Life is not easy for many child prodigies; advancing into a professional sphere can damage their ability to connect with their peers, and many choose between socializing or practicing their skill as they age. Others can become socially isolated—graduating college at 16 does not guarantee that researching in a lab or performing when they reach adulthood will be effortless.
All this would suggest that it behooves us teachers to remind ourselves and the prodigy’s parents that if a child has a marked talent for one thing, he would probably be very good at something else as well. Therefore, his whole education should be attended to so the child has choices as a grown-up. It is my belief that it is essential to have “Plan B” no matter how talented a child is. What if our prodigy has an injury that stops his pursuing a career? A careless slip of a knife or a playground accident that anyone else might laugh off can stop a career in its tracks. And this can happen at any age. I encourage all of my career bound students to think about this. Some of them have tears in their eyes when I suggest they consider developing the possibility of a career outside of performing, but I would be remiss in my responsibility if I didn’t do this. Life in music has gotten to be so, if not too, difficult and competitive no matter how great the talent.

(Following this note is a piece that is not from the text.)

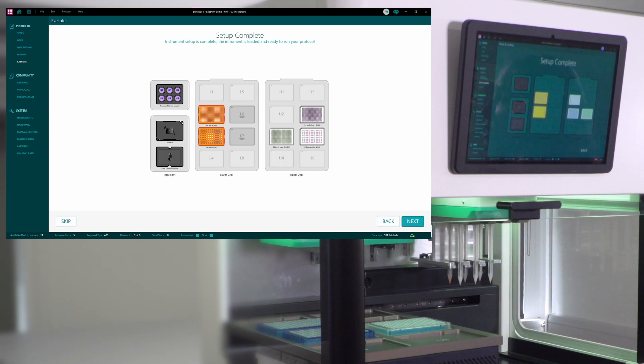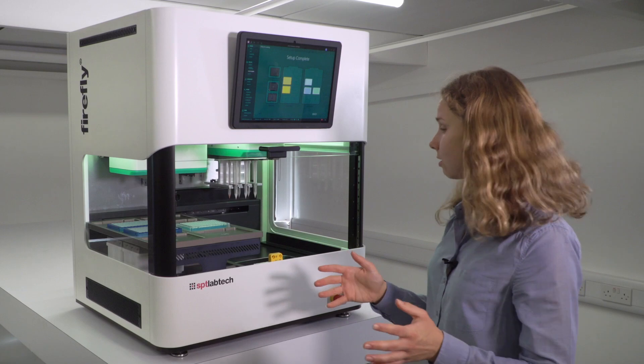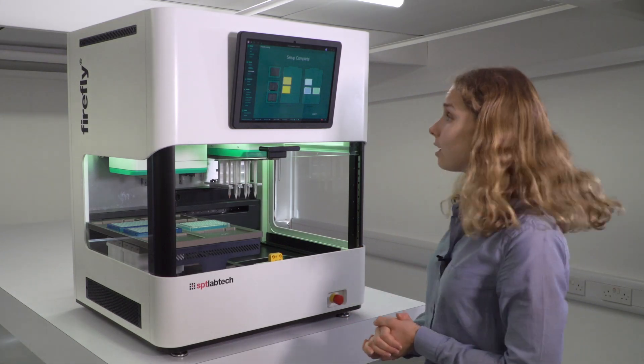And now the setup is complete. So now my instrument is in the right position, and it has everything that's required to start running the protocol.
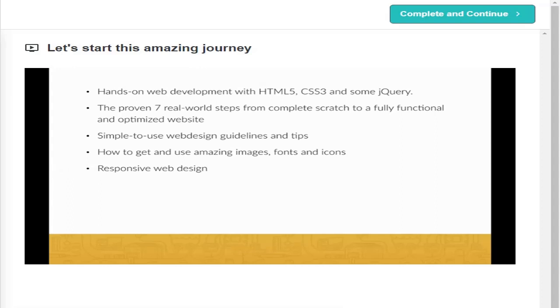Responsive web design, which means that you will learn how to create websites that work beautifully on all screen sizes. And this is a must-have skill in today's mobile world.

The important thing is to keep perspective. When a violinist is thirty, is anyone going to know she was fourteen, fifteen, ten, or even six years old when she learned Tschaikovsky? Is anyone even going to care? It is our obligation to our students to make sure that they grow up to be complete and competent musicians, as well as competent human beings in general. And that means teaching the whole student, not just her talent. That means remembering that a prodigy is by definition a talented child, i.e., a work in progress, which means we have the responsibiity of guiding both her and her parents so that the result is a whole and well-adjusted adult human being – who still loves music and plays it, whatever her final career choice may be.